The post-Brexit trade deal was passed by 521 to 73 votes in the UK’s House of Commons on Wednesday. It will now pass to the House of Lords for approval later on Wednesday, before becoming law at around midnight.
UK Prime Minister Boris Johnson has also now signed the legislation approved by parliament, implementing the trade deal agreed with the European Union last Thursday (Christmas Eve). It was also signed earlier by EU officials.
The British government is pushing all stages of the 85-page European Union (Future Relationship) Bill through the Commons and the House of Lords in one day, before the EU trade deal takes effect at 11pm (UK time) on Thursday. At that hour – midnight in Brussels – the UK will be entirely out of the EU, and which follows on from an 11-month Transition Period since Brexit took legal effect, and over four years after the British public voted to leave in a divisive referendum in 2016.

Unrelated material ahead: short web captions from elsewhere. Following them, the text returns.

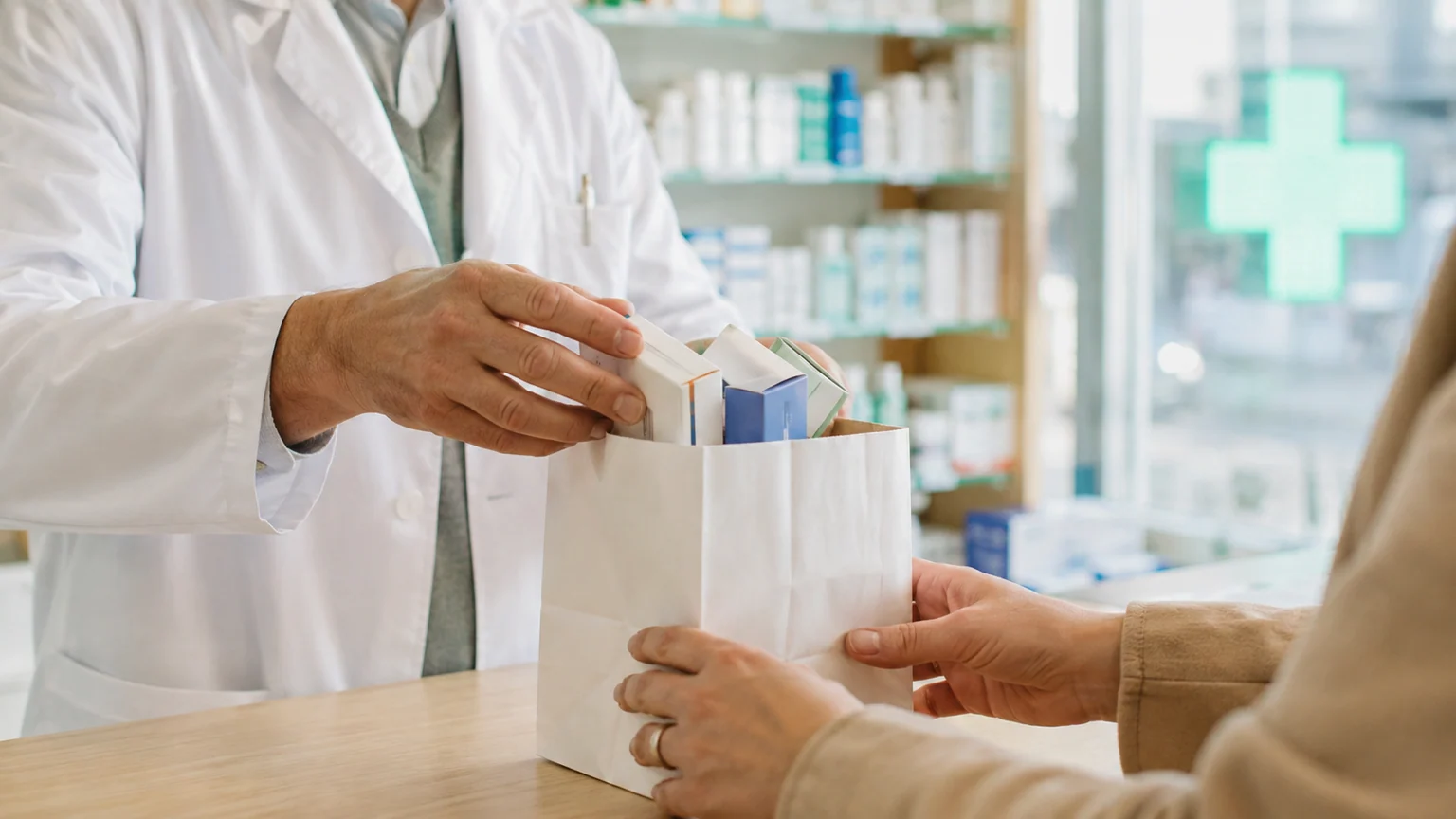 Remboursement des médicaments — mains d’un pharmacien plaçant plusieurs boîtes sans marque dans un sac blanc, devant une croix verte.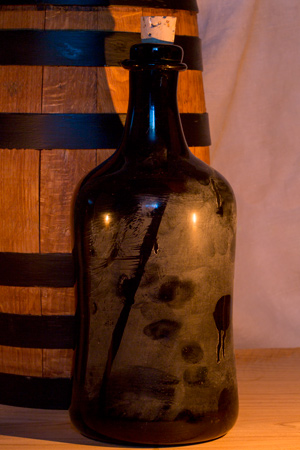 A small wooden keg and old dark bottle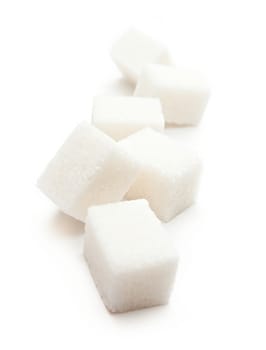 Cubes of sugar on the white background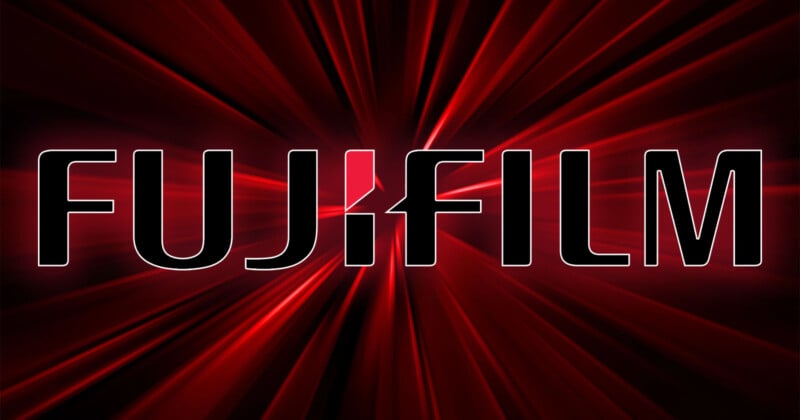 A glowing red background with the bold, uppercase text "FUJIFILM" displayed prominently in black with white outlines. A stylized design in white and red is used for the "J" in "FUJIFILM". Radiating lines give a dynamic effect to the background.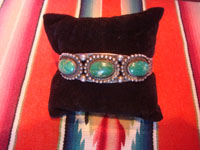 Native American Indian sterling silver jewelry, and Navajo vintage sterling silver jewelry, a beautiful Fred Harvey silver bracelet with wonderful stamping and lovely turquoise stones each showing a beautiful matrix, Arizona or New Mexico, c. 1930's. Main photo of the bracelet.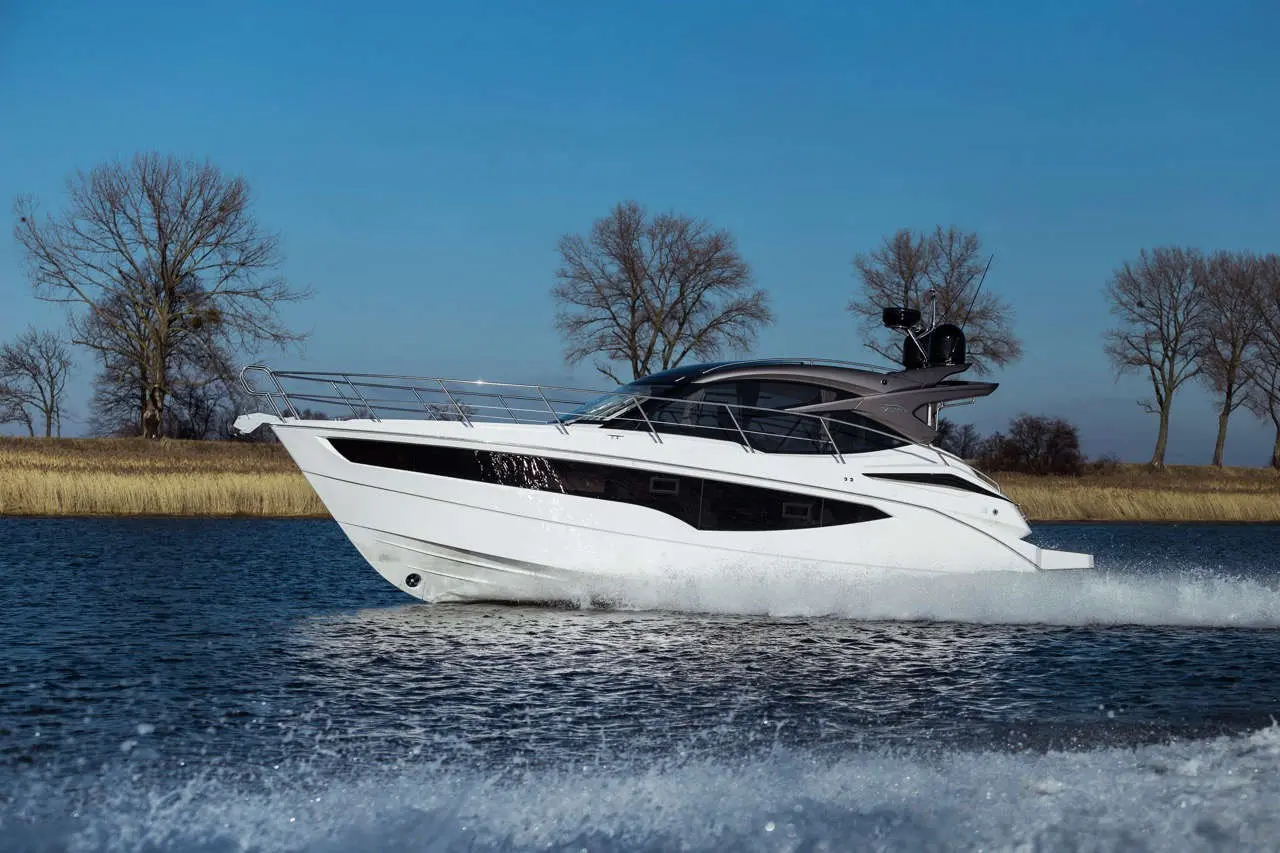 A sleek white motor yacht glides across calm water, with trees in the background under a clear blue sky.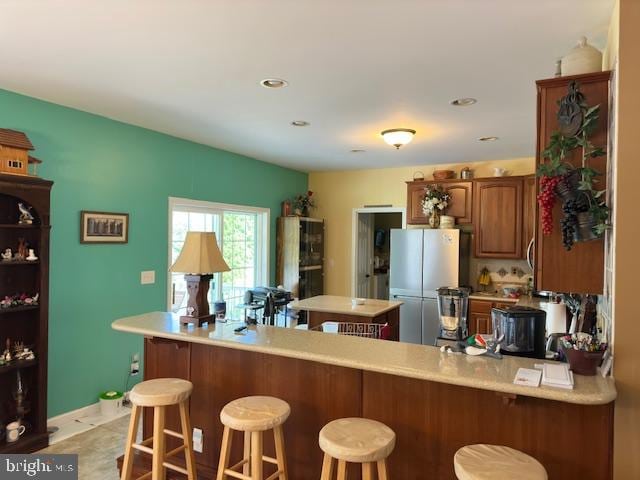 kitchen featuring stainless steel fridge, kitchen peninsula, and a kitchen bar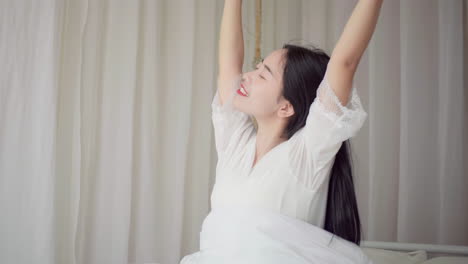 피자마를 입고 일어나는 아름다운 소녀의 실제, 큰 창문 근처에 앉아있는 침대에서 깨어나는, 완전히 휴식을 취하고, 아침에 신선한 공기와 빛을 얻기 위해 커튼을 펴는.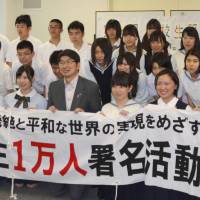 A million strong: Nagasaki Mayor Tomihisa Taue holds up a banner with high school students who are aiming to collect 1 million signatures calling for the abolition of nuclear weapons at the Nagasaki Atomic Bomb Museum on Sunday. | KYODO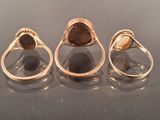 three gold rings with a brown stone in them on a table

With both the UK and the EU having signed the agreement today, it ends over four years of negotiation and safeguards nearly $1 trillion of annual trade.
Both sides have said it is a chance to begin a new chapter in a relationship forged as Europe rebuilt after World War Two, but which has often seen the UK as a reluctant participant in ever-tighter political and economic integration.
Johnson said in parliament that he hoped to work ‘hand in glove’ with the EU when its interests aligned, using the UK’s new-found sovereignty to reshape the British economy. ‘Brexit is not an end but a beginning,’ he said. ‘The responsibility now rests with all of us to make the best use of the powers that we regain, the tools that we’ve taken back into our hands.’
The trade deal has been criticised on several fronts since it was agreed on 24 December. The opposition Labour Party has said that it is ‘too thin’ and doesn’t protect trade in services, while UK fishermen complain that Johnson has sold out their interests. Northern Ireland’s status remains subject to much uncertainty. At the time of this report, an agreement on the status of Gibraltar is also still to be reached.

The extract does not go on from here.